Reasonably few believed Vinci had a chance of defeating the unquestioned best female tennis player in the world who was aiming to achieve the first calendar year Grand Slam since Steffi Graf in 1988. Vinci even doubted herself, as would anybody in that predicament. She was thought of as a mere bump in the road for Williams, however that bump in the road ended up wrecking William’s chance at history.
“When I wake up, I say, I have a semifinal today,” Vinci said to ESPN. “I did not expect that I would win.”
According to USA Today, Serena entered the semifinal on a 33-match Grand Slam winning streak whereas Vinci had 30 wins in total this season.
Vinci understood how important this match was. “It’s an incredible moment for me,” Vinci said to ESPN in a post-match interview. “It’s amazing, it’s like a dream, I’m in the final, and I beat Serena.
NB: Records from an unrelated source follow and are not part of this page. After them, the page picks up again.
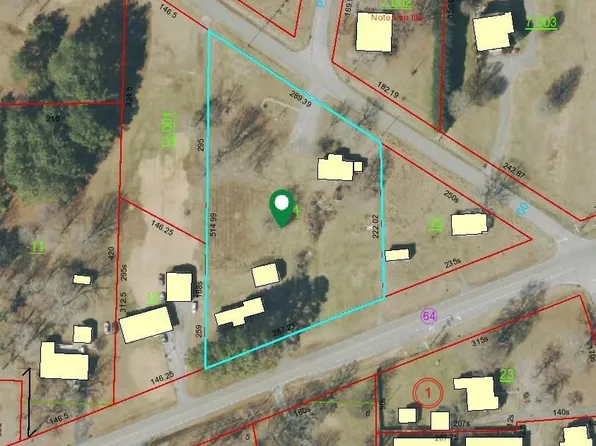 9767 Highway 64, Lexington, AL 35648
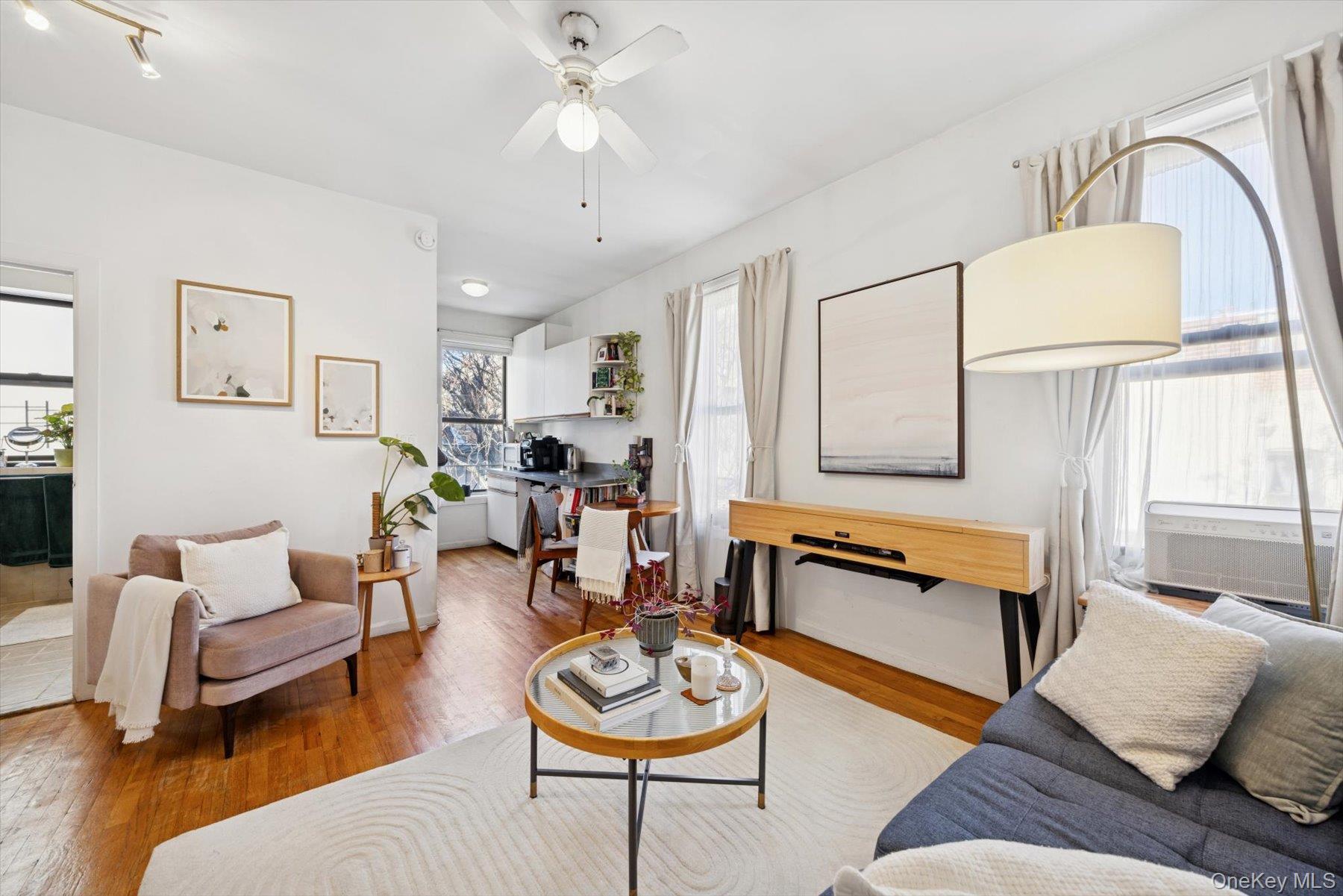 Coop 103rd Manhattan, NY 10025, MLS-962174-2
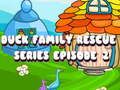 Cluiche Sraith Taisc na gCearc Duck Episode 2 ar líne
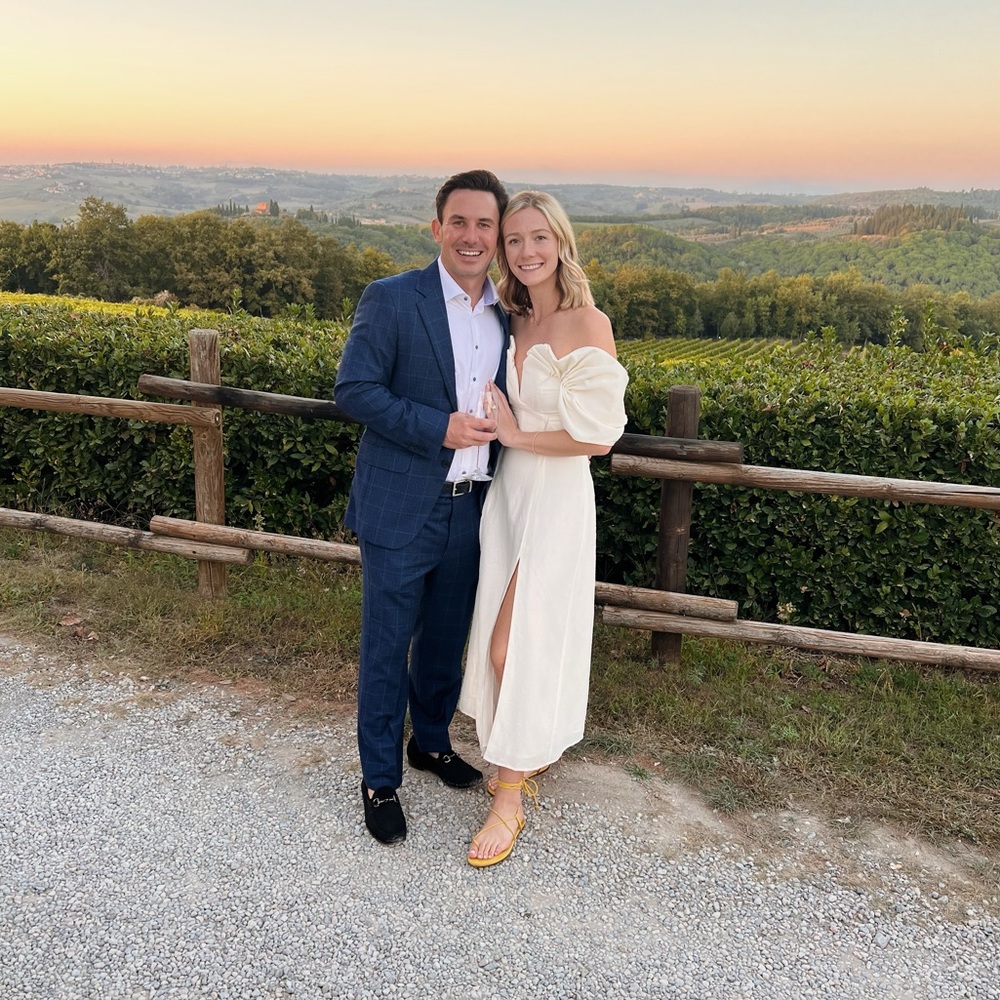 Cult Gaia Muna Dress Size 4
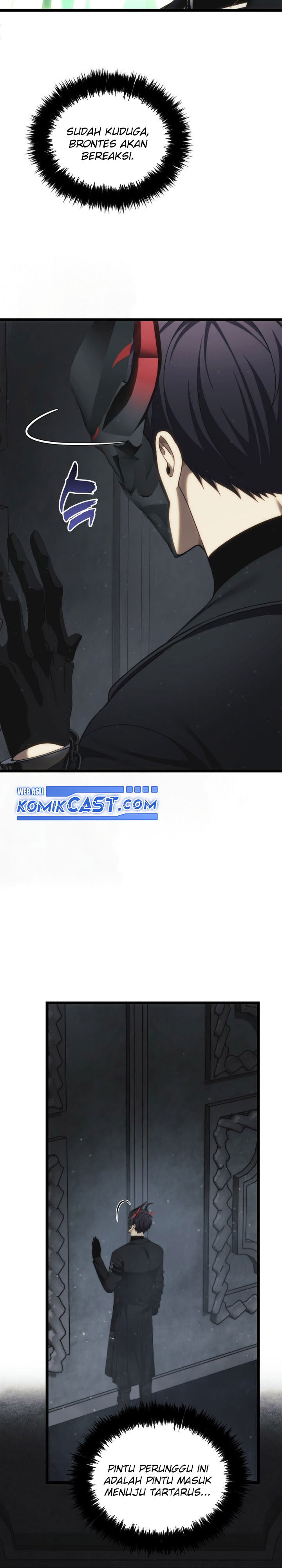 Ranker Who Lives a Second Time chapter 207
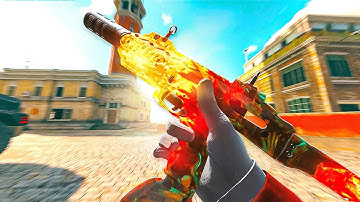 Goodbye RENETTI, Hello COR 45 META on Rebirth Island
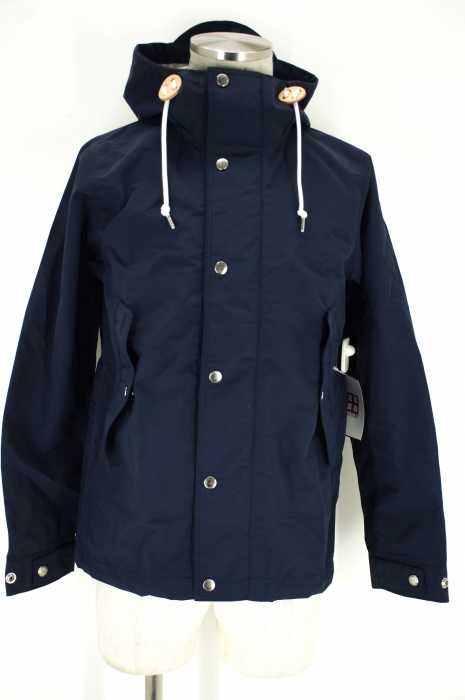HELLY HANSEN （ヘリーハンセン） マウンテンパーカー メンズ アウター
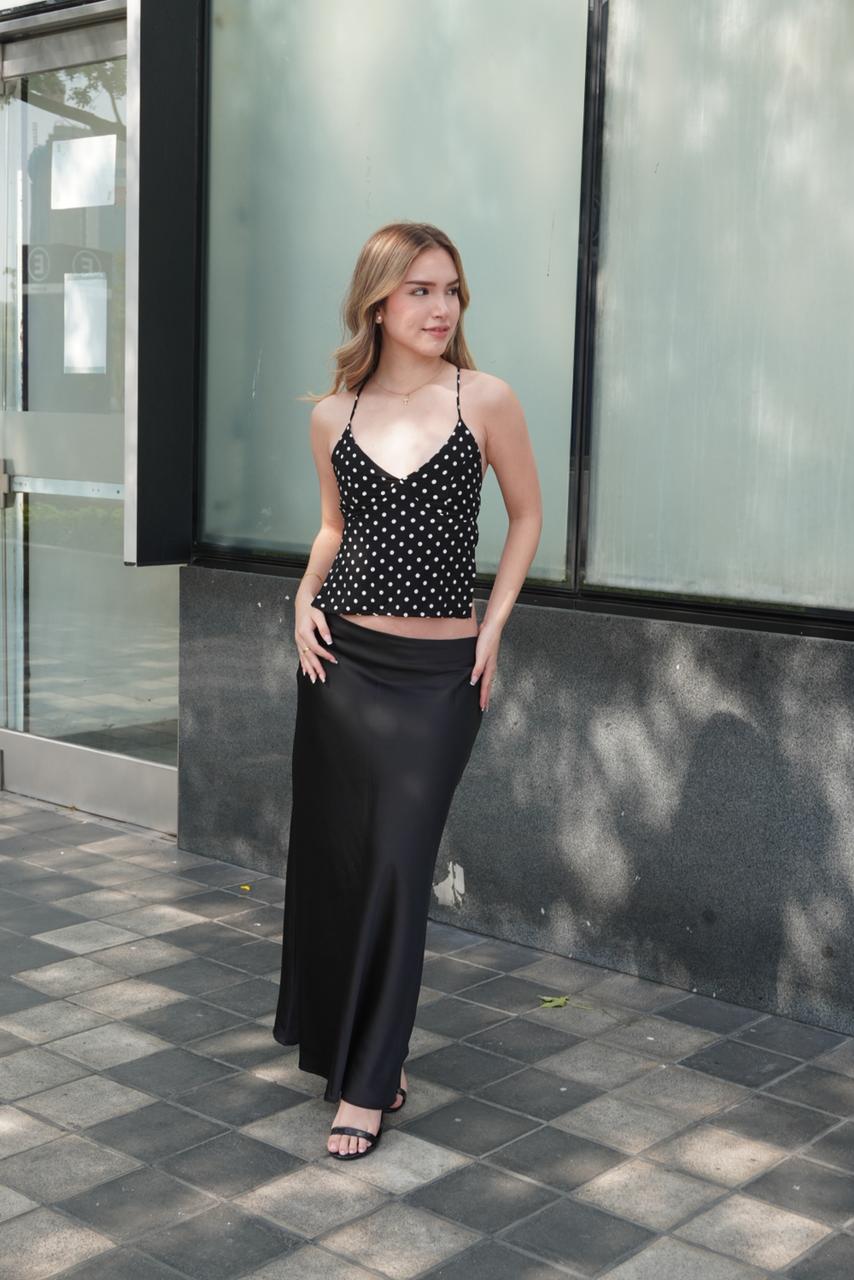 CONJUNTO FALDA LUANA 7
“I think this is the best moment of my life.”
Vinci was even seen apologizing at one point in the match. “For the American people, for Serena, for the Grand Slam, and everything, but today is my day. Sorry guys.” Vinci said.
Vinci’s game plan for beating the No. 1-ranked women’s tennis player seemed pretty simple.
“Try to put the ball on the court,” Vinci said. “Don’t think about Serena on the other court, and run, don’t think, run, and then I won.”
Williams also acknowledged Vinci’s incredible performance against her.
“I thought she played the best tennis in her career,” Williams said during a post-match interview. “You know, she’s 33, and you know, she’s going for it at a late age. So that’s good for her to keep going for it and playing so well.”
When Vinci played 26th-ranked Flavia Pennetta on Saturday, it was the first major finals appearance for both of the Italian women. Without Williams there was an apparent drop in popularity; tickets for Saturday’s final hit $1,500 on Stub-hub recently. Before the Vinci-Pennetta match, they could be bought for as little as $62. It was a very small price to pay to see Pennetta win her first Grand Slam title at 33, and then shock the tennis world by announcing that she will retire after this season.